Start of Data section

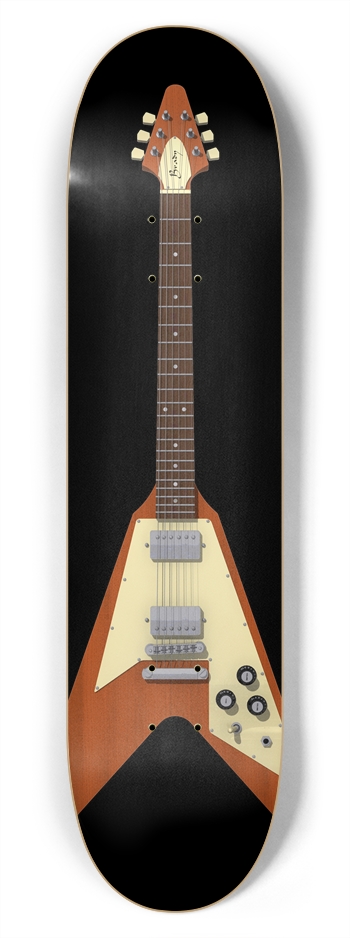 Flying V Guitar: 7-3/4 Skateboard  Deck  7-3/4 Skateboard Deck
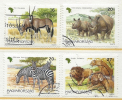 HUNGARY - 1997. African Animals / Lion / Gazella  USED!!!   IV.  Mi: 4450-4453. - Usado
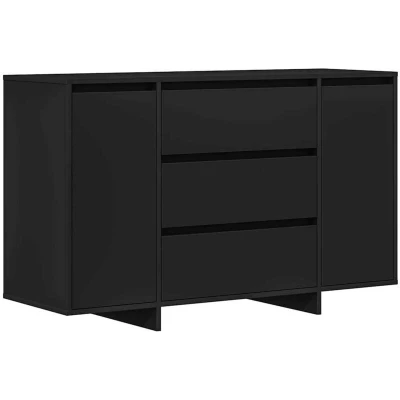 Image of vidaXL Sideboard Black 120x41x75 cm Engineered Wood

End of Data section

*What to do*
Return all the data exactly, pictures omitted.

*Exercise result*
 Flying V Guitar: 7-3/4 Skateboard  Deck  7-3/4 Skateboard Deck
 HUNGARY - 1997. African Animals / Lion / Gazella  USED!!!   IV.  Mi: 4450-4453. - Usado
 Image of vidaXL Sideboard Black 120x41x75 cm Engineered Wood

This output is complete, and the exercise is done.